HEALING OF THE MAN BORN BLIND

El Greco | Public Domain

John Burger - published on 09/04/20

Town might have moved due to shift in tectonic plates.

In the Gospels, a blind man was pressed by authorities about who restored his sight. Responding to the Pharisees, who accused Jesus of being a sinner, the exasperated man said, “I don’t know if he is a sinner or not, but I do know one thing, I was blind, but now I can see!”

We are told that the healing took place in the city of Bethsaida, a town that is mentioned in the New Testament than any city except Jerusalem and Capernaum. But even though it is the site of one of Jesus’ best-known miracles, as well as being the hometown of the apostles Peter, Andrew and Philip, for centuries no one has been able to say definitively where the town was.

But an American archaeologist can now say that we were blind to where Bethsaida was, but now we can see.

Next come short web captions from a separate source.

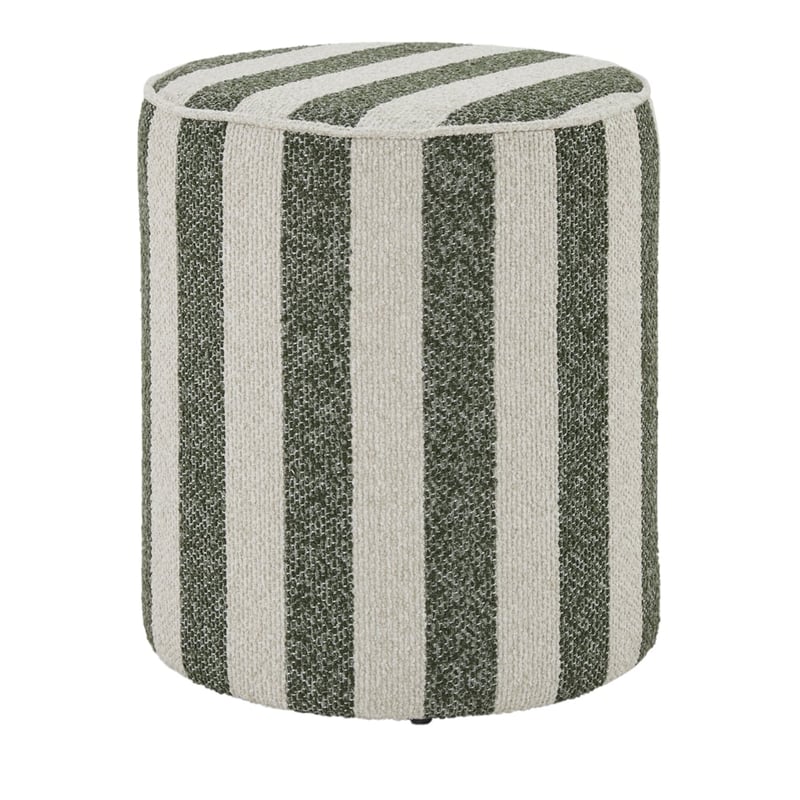 Soli Forest Stripe Ottoman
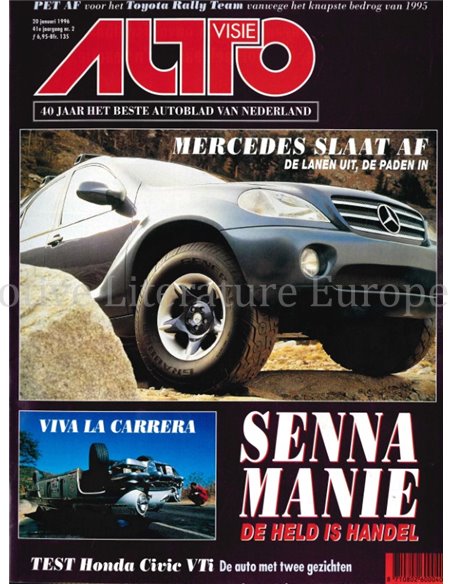 1996 AUTOVISIE MAGAZIN 02 NIEDERLÄNDISCH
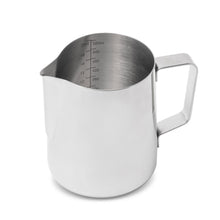 Load image into Gallery viewer, barista basics 20 ounce silver steaming pitcher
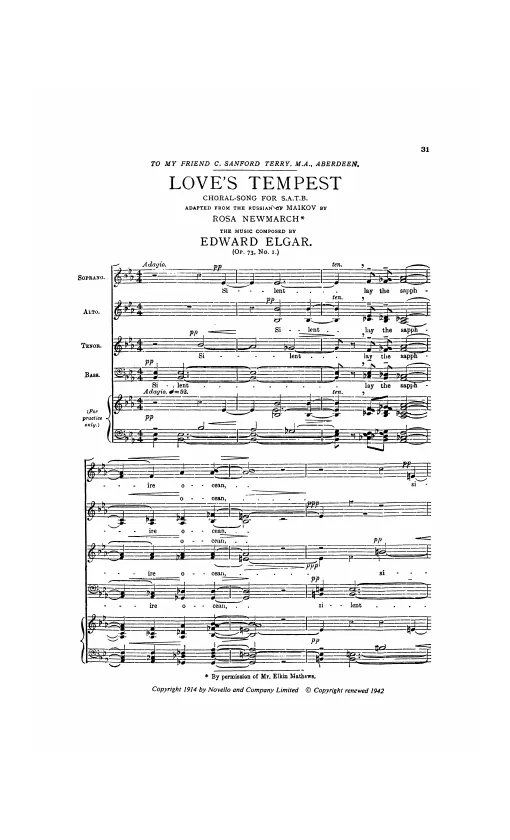 First page of 2 Part Songs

Rami Arav, a professor in the department of philosophy and religion and in the department of history at the University of Nebraska at Omaha, says that the Et-Tell archaeological site in northern Israel, where he has been leading a dig, is the location of Bethsaida.

The claim was reported at first by British tabloid Express, with the bombastic headline “Bible Bombshell: City where Jesus fed crowds with five loaves and two fish found.” It was then reported in the more sober Jerusalem Post.

Arav pointed out that first-century Jewish historian Flavius Josephus described the location of Bethsaida, which is close to where Jesus is said to have fed multitudes from just a few fish and loaves of bread, as being in the lower Golan, near the estuary of the Jordan River. Arav says he is convinced is the same place as the Et-Tell excavation site.

“The main objection other archaeologists have to this conclusion is how far Et-Tell is from the Sea of Galilee, contrary to the belief that Bethsaida was accessible by boat,” explains the Jerusalem Post:

The name Bethsaida comes from the Hebrew words for home and hunting (which could also have included fishing, scholars have suggested) and it is believed to have been a fishing village. Arav said that Bethsaida may have been closer to the Sea of Galilee during Jesus’s lifetime, and that changes in water levels and tectonics may have increased the distance.
“The Sea of Galilee is right in the middle of the Syrian-African rift and is prone to tectonic changes,” Arav said. He said his team had discovered ancient fishing equipment among the ruins of the settlement.